Random(?) SNMP failures

Hello,

I’m running into a strange issue I’ve never seen before. There are gaps in the graphs, but the gabs in one graph (CPUs for instance) are not lining up with the gabs in other graphs (RAM, for instance), and I’m not seeing any significant spikes in activity from remaining graphs when one disappears.

Here is the graphs from Procs, RAM, and Disk usage for the last week:

I’m using SNMP v2c and the remote system is running Windows Server 2016.

  • Steps to reproduce an issue.
    Set up this server to monitor SNMP.
    Watch graphs

  • The output of ./validate.php

    $ /opt/librenms/validate.php

    Component Version
    LibreNMS 1.50-54-gea8f0de
    DB Schema 2019_02_10_220000_add_dates_to_fdb (132)
    PHP 7.2.14
    MySQL 5.5.60-MariaDB
    RRDTool 1.4.8
    SNMP NET-SNMP 5.7.2
    ====================================

    [OK] Composer Version: 1.8.5
    [OK] Dependencies up-to-date.
    [OK] Database connection successful
    [FAIL] Time between this server and the mysql database is off
    Mysql time 2019-04-26 17:04:33
    PHP time 2019-04-26 13:04:33

    [OK] Database schema correct
    [FAIL] You have a different system timezone (UTC) than the php configured timezone (EDT)
    [FIX]:
    Please correct either your system timezone or your timezone set in php.ini.
    [WARN] Your install is over 24 hours out of date, last update: Wed, 24 Apr 2019 08:09:48 +0000
    [FIX]:
    Make sure your daily.sh cron is running and run ./daily.sh by hand to see if there are any errors.
    [FAIL] Some folders have incorrect file permissions, this may cause issues.
    [FIX]:
    sudo chown -R librenms:librenms /opt/librenms
    sudo setfacl -d -m g::rwx /opt/librenms/rrd /opt/librenms/logs /opt/librenms/bootstrap/cache/ /opt/librenms/storage/
    sudo chmod -R ug=rwX /opt/librenms/rrd /opt/librenms/logs /opt/librenms/bootstrap/cache/ /opt/librenms/storage/
    Files:
    /opt/librenms/bootstrap/cache/packages.php
    $

Hi,

Could you fix those issues reported by validate.php before moving forward. Set the same timezone everywhere, update LibreNMS to the latest version and fix the incorrect file permissions by running the commands provided in the output of validate.php.

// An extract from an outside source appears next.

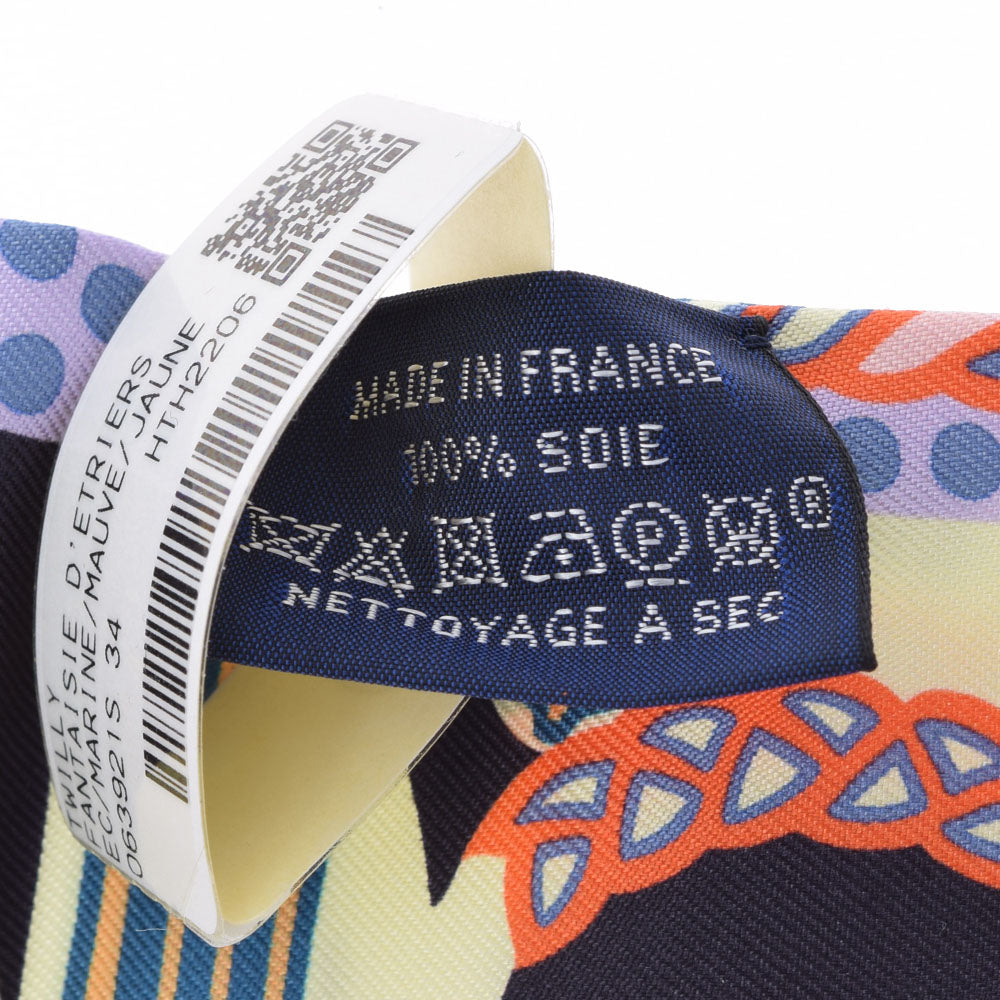 エルメスツイリー Fantaisie D'etriers パープル/ブルー系 レディース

[root@librenms ~]# /opt/librenms/validate.php

Component Version
LibreNMS 1.50-72-g9cfa2aa
DB Schema 2019_02_10_220000_add_dates_to_fdb (132)
PHP 7.2.16
MySQL 5.5.60-MariaDB
RRDTool 1.4.8
SNMP NET-SNMP 5.7.2

====================================

[OK] Composer Version: 1.8.5
[OK] Dependencies up-to-date.
[OK] Database connection successful
[OK] Database schema correct
[root@librenms ~]#

With the updates the same issues are recurring.

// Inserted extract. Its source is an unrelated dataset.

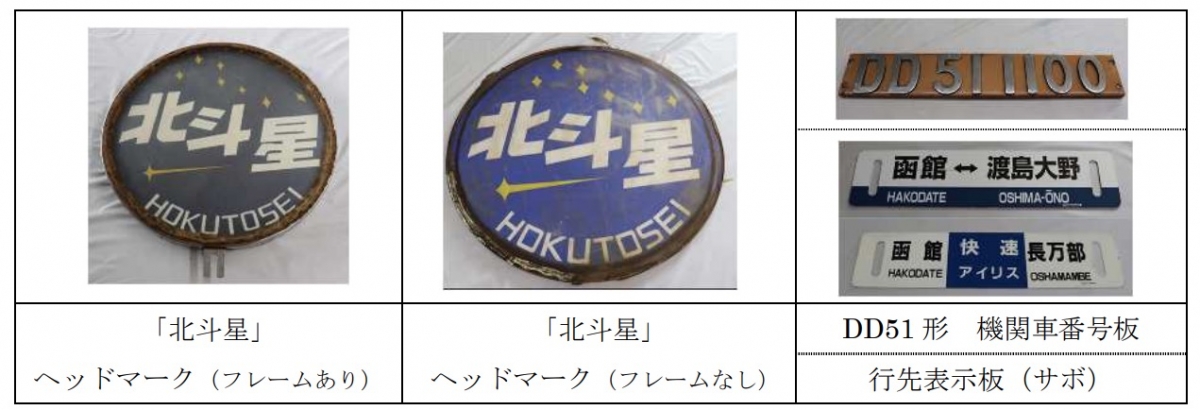 過去には271万円も！JR北海道、「北斗星」ヘッドマーク オークション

The logs say all CPUs are removed for a time then the logs say they are added in. While “removed” the CPU graphs are showing red on the summary page and on the CPUs page, “Error Drawing Graph” with no historical information. The historical info re-appears when the CPU info is reporting again.

Other charts are showing random missing data, but the time framed show no correlation. They seem very random. Local PerfMon graphs show no unusual not spikey activity for the missing data time periods.

Any ideas here? I’m at a complete loss.

Did you check if your local timezome (timedatectl status), matches the timezone set in php.ini ?

What does your Poller Modules Performance graph look like for this device? (Device -> Graph-> Poller)

I have all time zones (My, PHP, System) all set to UTC.

RAM over the same time:

I can’t show CPU because it is currently still missing. All graphs are blank.

I realized a good illustration is the tooltip for the host:
image

You can enable logging to see if it gives you more info. Set -d on the wrapper and it will create a ton of logs in the log directory (don’t leave it enabled).

I suspect the issue here is that Windows snmp service sucks :frowning:

Great… where do I find the command line for that wrapper?

bump

Where would I edit that commandline?

Its here https://docs.librenms.org/Support/Poller%20Support/

Nothing useful in the debug logs… but it suddenly cleared up. I guess I’ll wait to see if it gets wonky again and check again then.

Likely the device not responding to snmp sporadically.